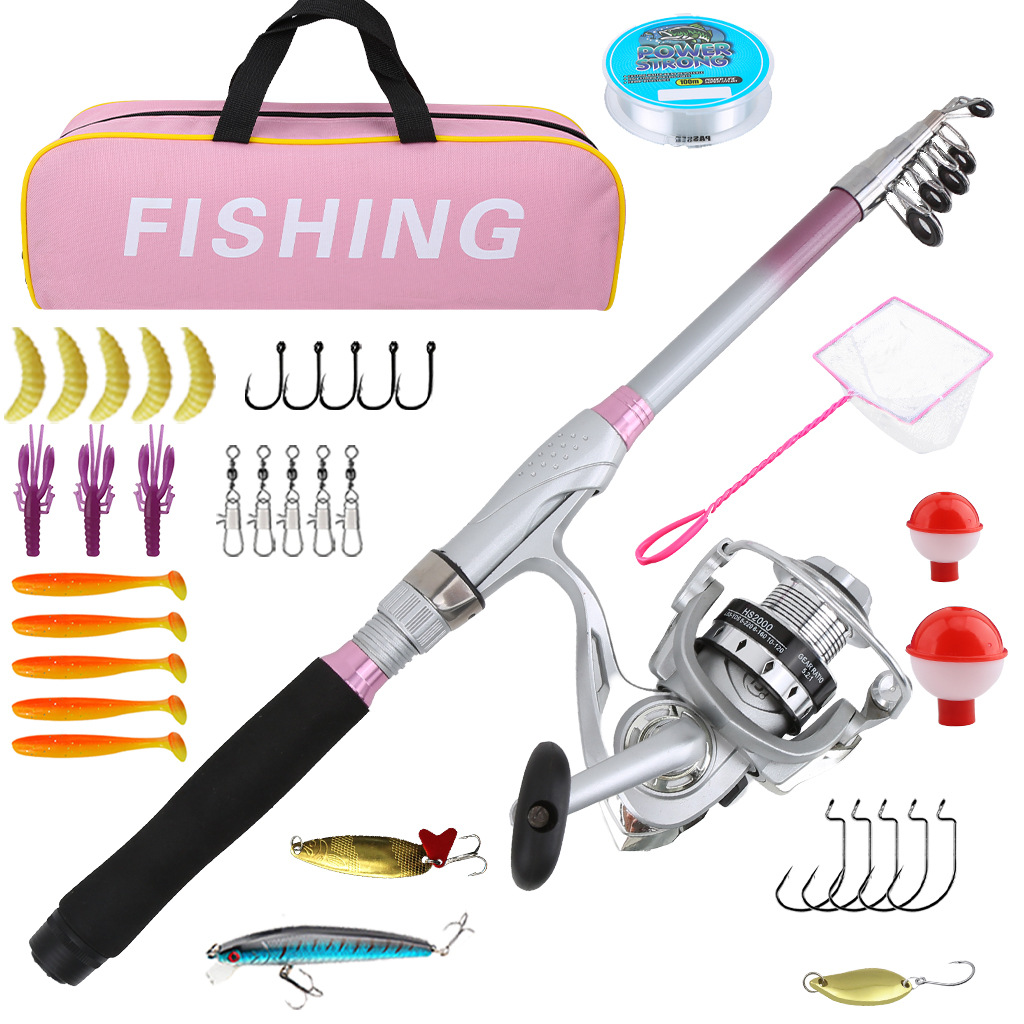 Cross-border lure rod 1.8m pink retractable fiberglass fishing gear set, fishing rod, fishing reel, sea rod, manufacturer wholesale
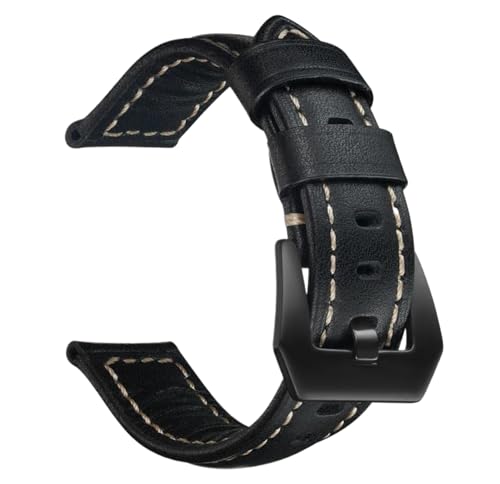 Bihahyj Uhrenarmband aus echtem Leder, 18mm/20mm/22mm/24mm/26mm, Farbe 1 Schwarz, 18 mm von Bihahyj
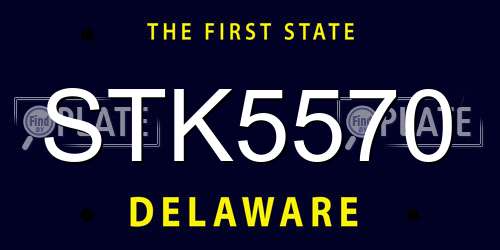 STK5570 Delaware License Plate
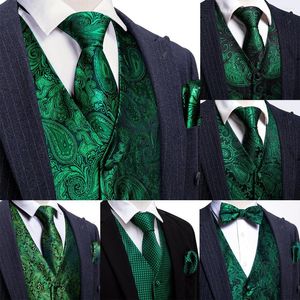 Men's Vests Elegant Men's Vest Silk Green Plaid Paisley Flower Embroidered Waistcoat Tie Set Male Suit Dress Sleeveless Jacket Barry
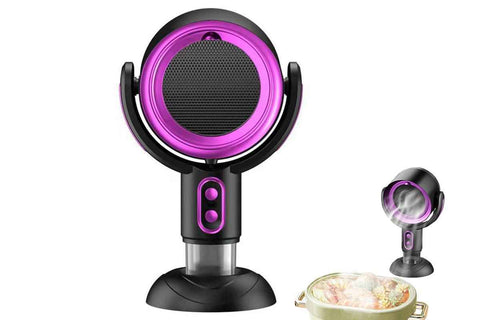 Portable Smoke Purifier Fan Removes Odors Dust Smoke for Cooking and Camping BBQ -BlackPurple In Australia - Darrahopens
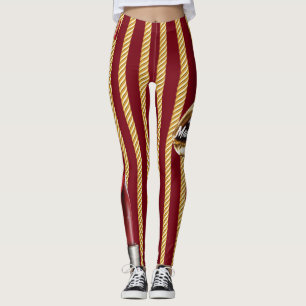 Chic burgundy Gold Lines Lips Girly 2022 bday Leggings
____
* [What to produce] Write out the lines beginning at the line with "Men's Vests Elegant" and ending at the last line of the entries. Include no pictures.

* [Answer to this task]
 Men's Vests Elegant Men's Vest Silk Green Plaid Paisley Flower Embroidered Waistcoat Tie Set Male Suit Dress Sleeveless Jacket Barry
 Portable Smoke Purifier Fan Removes Odors Dust Smoke for Cooking and Camping BBQ -BlackPurple In Australia - Darrahopens
 Chic burgundy Gold Lines Lips Girly 2022 bday Leggings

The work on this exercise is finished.